• EXERCISE AIM
Using only the entries below, output the lines starting at the one containing "buzz apaisant ses amis" and ending at the one containing "Responsible Shore Excursions: MSC", exactly and inclusive of both, omitting the pictures.

======== GIVEN DATA

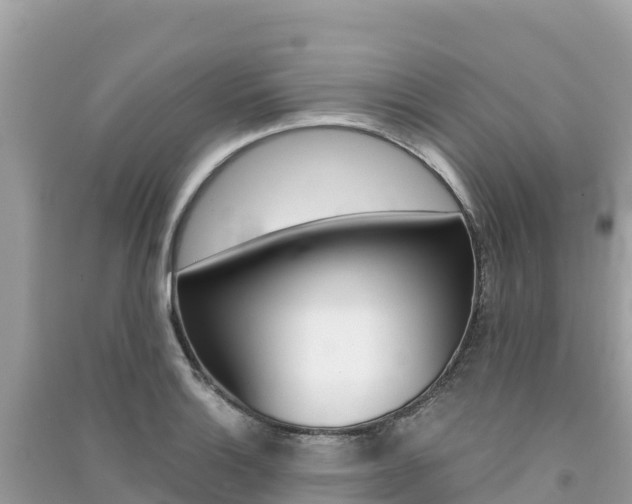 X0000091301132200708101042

================
======== GIVEN DATA

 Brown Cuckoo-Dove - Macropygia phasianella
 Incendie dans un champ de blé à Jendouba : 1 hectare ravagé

================
======== GIVEN DATA

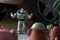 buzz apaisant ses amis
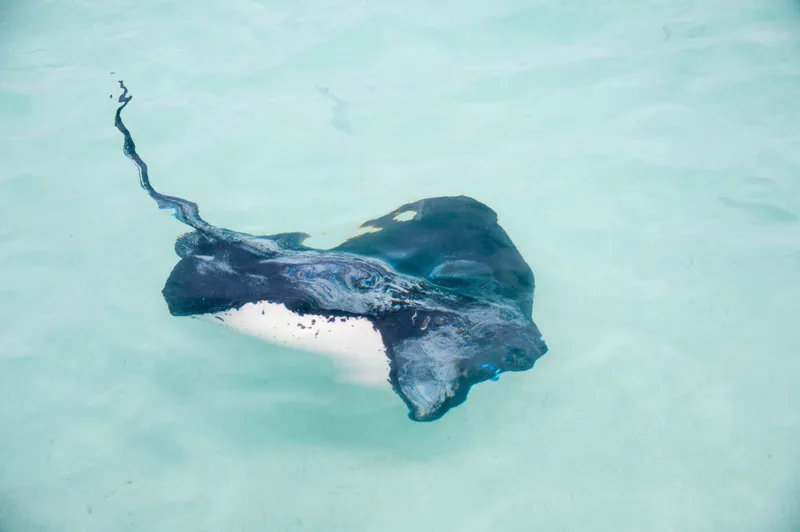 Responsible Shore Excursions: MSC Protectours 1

================

• ANSWER SPACE
 buzz apaisant ses amis
 Responsible Shore Excursions: MSC Protectours 1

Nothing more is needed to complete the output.